- _What is being asked_: Records follow. Print exactly the lines from the one that has "英超-B费传射+造红牌 卡塞米罗破门 曼联3-2逆转十人诺丁汉森林图片" through the one that has "Claude Monet - Iris Mauves", inclusive, and omit the pictures.

- _Exercise materials_:

↓

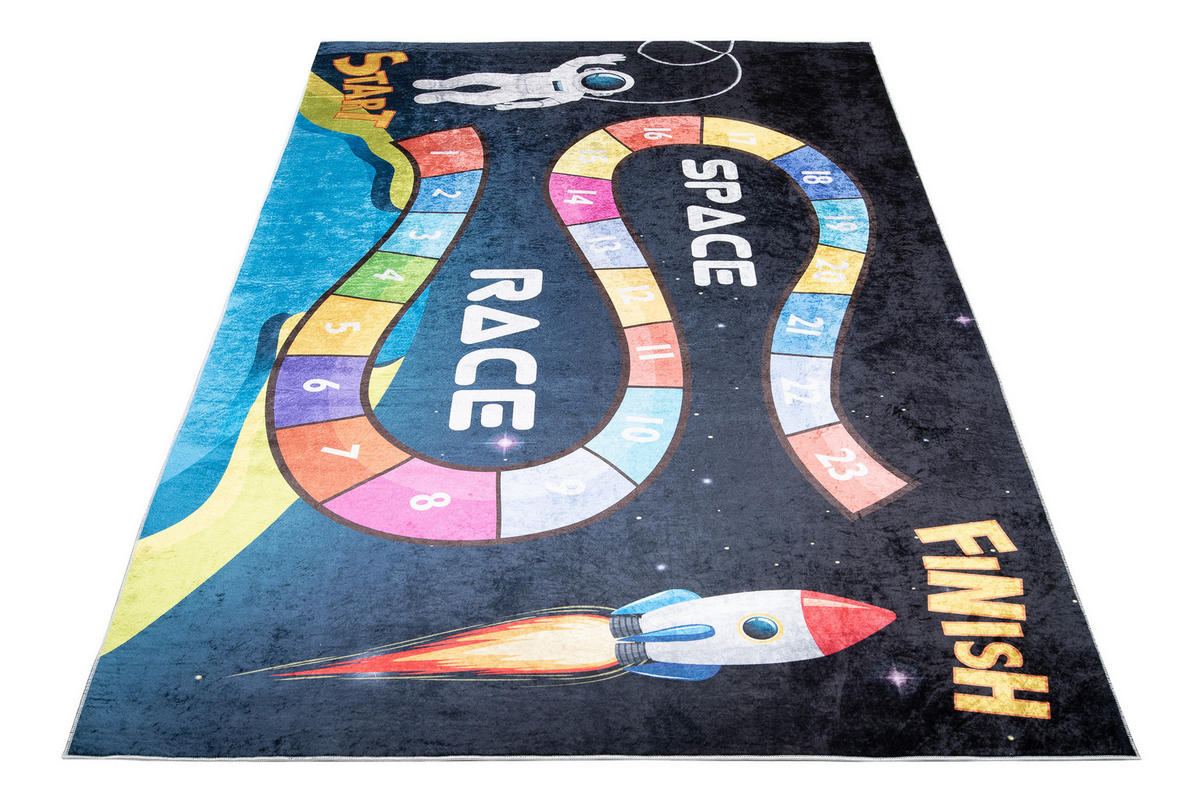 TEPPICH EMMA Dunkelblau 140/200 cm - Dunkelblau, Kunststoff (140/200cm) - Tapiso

↑
↓

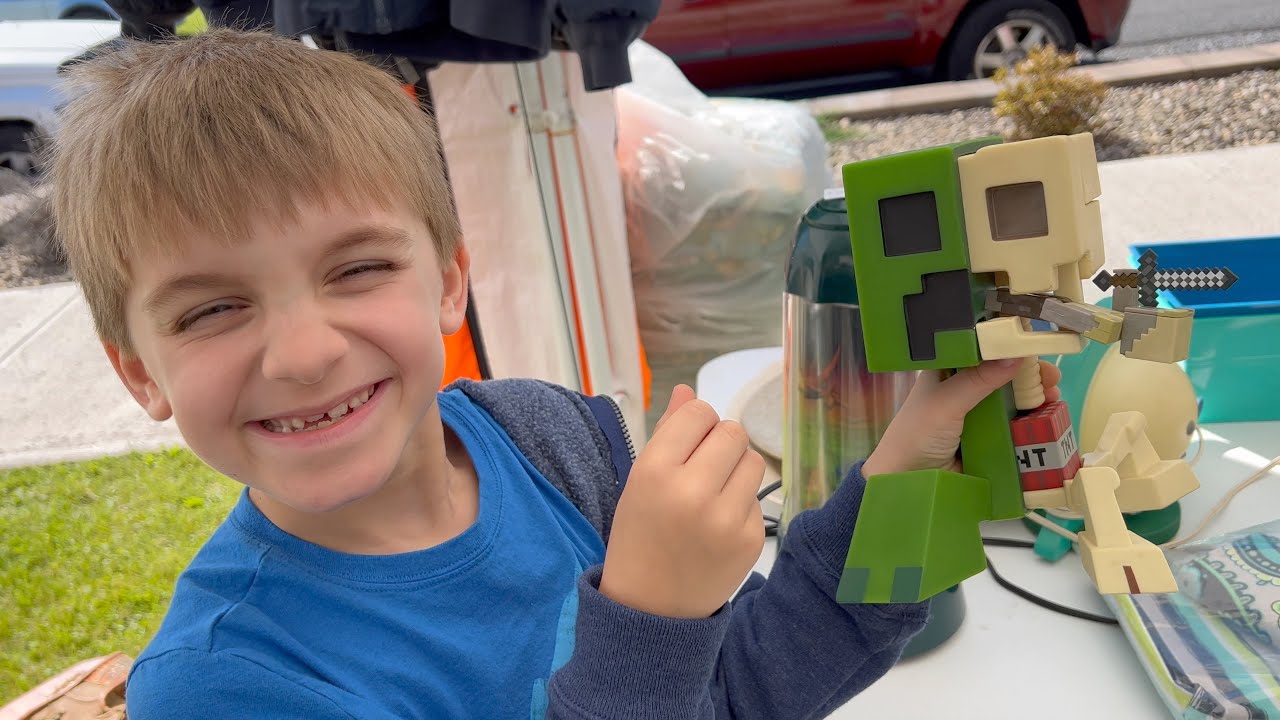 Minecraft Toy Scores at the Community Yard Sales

↑
↓

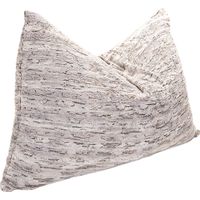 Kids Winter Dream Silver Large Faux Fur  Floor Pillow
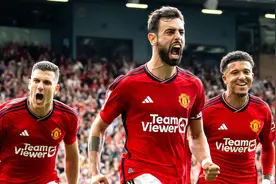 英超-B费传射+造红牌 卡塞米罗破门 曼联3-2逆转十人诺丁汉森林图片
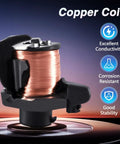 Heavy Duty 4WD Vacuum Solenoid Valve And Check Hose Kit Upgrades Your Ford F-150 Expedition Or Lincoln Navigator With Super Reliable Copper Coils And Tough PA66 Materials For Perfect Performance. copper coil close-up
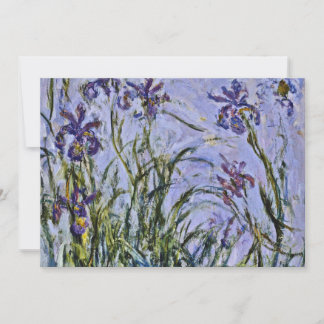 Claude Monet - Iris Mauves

↑

- _Solution for this exercise_:
 英超-B费传射+造红牌 卡塞米罗破门 曼联3-2逆转十人诺丁汉森林图片
 Heavy Duty 4WD Vacuum Solenoid Valve And Check Hose Kit Upgrades Your Ford F-150 Expedition Or Lincoln Navigator With Super Reliable Copper Coils And Tough PA66 Materials For Perfect Performance. copper coil close-up
 Claude Monet - Iris Mauves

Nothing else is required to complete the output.